The first release established Savaterre Shiraz as one to watch; this continues that strong impression. It’s wildly complex and yet pure and well polished. Dark cherried, slightly charry, smoky bacon notes woven through cloves and earth. It crackles with spice, oozes warm fruit and screws tannin through much of the back palate. It’s at the start of a longish life. Alive with concentrated fruit, sturdy with tannin but essentially pretty. Needless to say, there’s a lot to recommend it. Rated: 94 Points"
Australian Wine Companion, Pinot Noir 2012
2012 Pinot Noir - "Beechworth isn't the easiest place to grow pinot but the gods were especially kind this season. This is a beautiful wine. It unfurls as you drink it. Keen, smoky oak. Dark, meaty, (black) - cherried fruit. And stalky notes of dried herbs and ash. It's tangy, lively, lengthy wine with its array of flavours fluttering out through the finish. Screwcap. 13.5% alc. Rating: 96 To 2022"
Australian Wine Companion, Chardonnay 2012
2012 Chardonnay - "Largely unevolved but the wine's power and length says it all. Grapefruit, almond, tingling citrussy acidity. Not flashy with oak, but not shy of it either. Needs time to develop. Lengthy but not slim; there's impressive weight and flavour here. Screwcap. 13.5% alc. Rating: 94 To 2023"
Australian Wine Companion, Shiraz 2012
2012 Shiraz - "First release but from vines nearing their 10th year. It's a smoky, plush wine with meat and black cherry flavours to the fore. Oak and fruit aren't entirely integrated now but the signs are promising. Ripples of dry, twisting tannins. Excellent length. Screwcap. 13.5% alc. Rating: 94 To 2022"
Campbell Mattinson, Shiraz 2012 - The Wine Front, Dec 2013
2012 Shiraz - "100% stalk. 100% shiraz – “there’s no weed in this”. Stinky, smoky, stalky, plush with fruit and oak, lengthy. Complex but not at the expense of immediate deliciousness. Has a sinewy character to the tannin but it wraps like a genome through the wine, twisting both flavour and dry control as it motors through.
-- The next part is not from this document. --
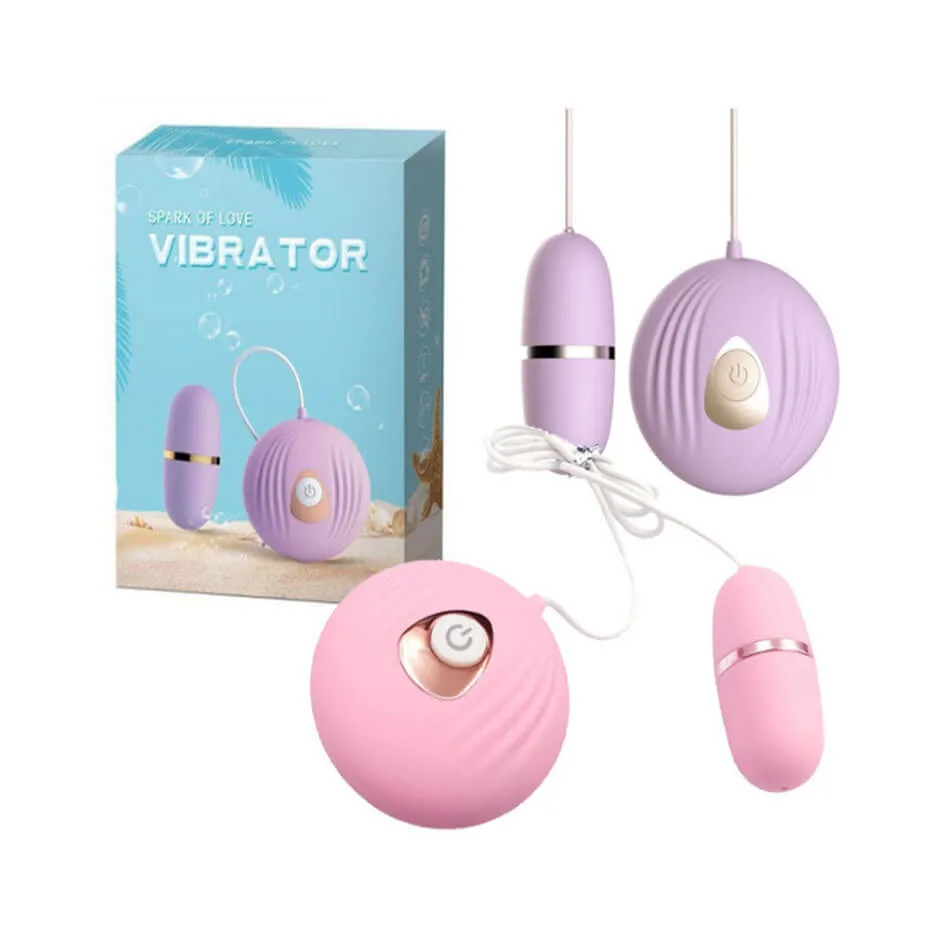 Vatine Mini Clam Shell Vibrating Egg 7 Modes Intense Pleasure — photo 2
It’s a remarkable shiraz. Meaty, smoky and dry but with plenty of dark, berried flesh. As the kids now say: boom. Rated: 94+ Points"
Campbell Mattinson, Pinot Noir 2012 - The Wine Front, 05 Dec 2013
2012 Pinot Noir - "To my personal tastes – as opposed to straight scoring – this is the best Savaterre Pinot Noir yet released. It has power and length but more delicacy – let’s call it prettiness – than previous releases. It’s made with 85 percent whole bunches. This will be released in February 2014. Put this wine in your mouth and watch the tail unfurl. The vintage, a change of oak cooper, the age of the vineyard, earlier picking, adjustment to the viticulture – not sure exactly how this has stepped into the next echelon but it has. Its maker and grower, Keppell Smith, says “it’s just Keppell getting a bit smarter”. Line of acid and tannin is superb. It’s an exceptional wine. Dark, meaty, ashen, smoky, has some fruit grunt but it’s fresh and tangy and lively. If you have any doubts over Beechworth’s ability to make outstanding pinot noir on occasion, then try this, and watch the vapour of doubt float out the window. Rated: 95 Points."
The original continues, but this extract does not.